Damien Hawke, our Director of Future Networks, explains why various options for decarbonisation need to be considered together, to maximise the benefits.
It was five months ago, in the final days of Theresa May’s government, that the UK announced its plans to build a net-zero carbon economy by 2050.
Whilst this has been a turbulent time politically, the efforts of business and the energy networks to address this challenge have continued, and I was encouraged to see the announcement from the Conservative party regarding £800m in infrastructure funding for Carbon Capture and Storage (CCS) solutions, a vital part of the UK’s future decarbonisation efforts.
With the urgency of climate change, we know that the energy system must radically change to enable this transition to a zero-carbon future.

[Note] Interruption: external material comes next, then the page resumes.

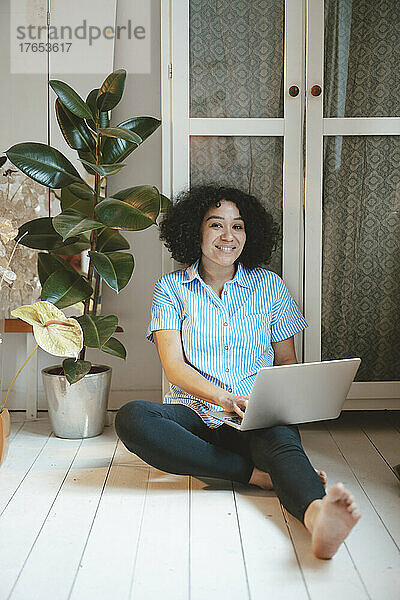 Lächelnde Frau mit Laptop sitzt zu Hause auf dem Dielenbrett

Various options for large-scale decarbonisation, such as electrification and hydrogen, will need to be considered together, in order to maximise the benefits of our existing infrastructure, and making best use of new solutions.
The strategically important gas and electricity networks span the UK and deliver heat and energy to the majority of people living here. If policy-makers took a whole-system approach, understanding there are elements of future energy policy that can't be delivered by electricity or gas alone, then innovative solutions delivering the level of carbon reduction we need could be found at a cost-effective price.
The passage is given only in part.